The Texas Hill Country stretches from the eastern edge of the great escarpment along Interstate 35 far out across the Edwards Plateau to its junction with the edge of the Trans-Pecos mountain ranges of the west.

The boundaries are grand in scale: west from San Antonio along Highway 90 past Del Rio on the Rio Grande to just about Pumpville, then north and east to Brownwood, then east nearly to Waco.

Think of the Hill Country as the literal heart of Texas.

That area boasts an enormous chunk of mountains and plains real estate, not to mention rivers and streams that flow through on their way to the Gulf of Mexico.

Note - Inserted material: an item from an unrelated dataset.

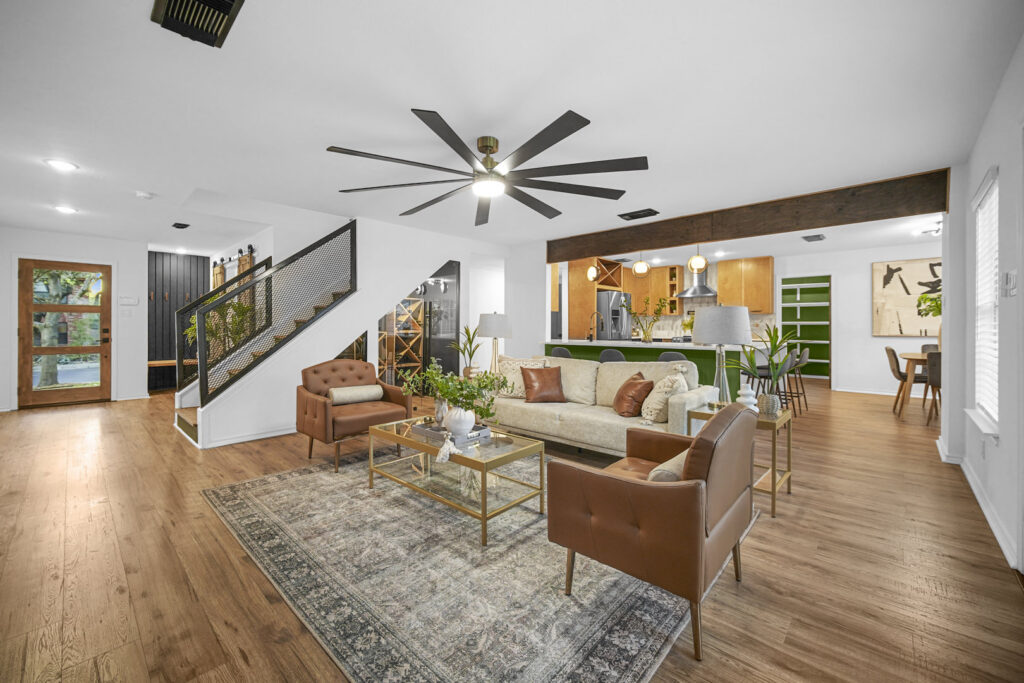 An open-concept living room and kitchen area with modern finishes, completed by HomeNovate in San Antonio, TX.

There's a diversity unknown to many states, and we're talking about just one piece of Texas.

The area is so large and diverse that the Brazos River starts in one ecological region, cuts through the Hill Country and then exits into a completely different region as it nears the Texas Coast. The Nueces River begins its run southward as a clean, clear mountain stream far up on the Edwards Plateau and then becomes sluggish and green after it leaves the plateau near Uvalde.

One of the beautiful things about this part of Texas is the river system that provides an amazing outdoor opportunity for anglers, whether they be serious, hard-charging tournament bass anglers or just a guy who wants to kick back with a beer and a lawn chair and let the world glide by while he takes a nap.

Here's a quick look at a few fishing methods and some of the best places to try them out, all of them within a short drive of Austin:


This isn't really the lazy man's way to fish, but it's an easy way to sack up a bunch of fish for the angler who gets bored just casting to the bank or riding around from tree stump to logjam.

Basically, a jugline is just that, a short heavy line fixed with one or two hooks baited and then tossed overboard to float with the wind or current across a lake.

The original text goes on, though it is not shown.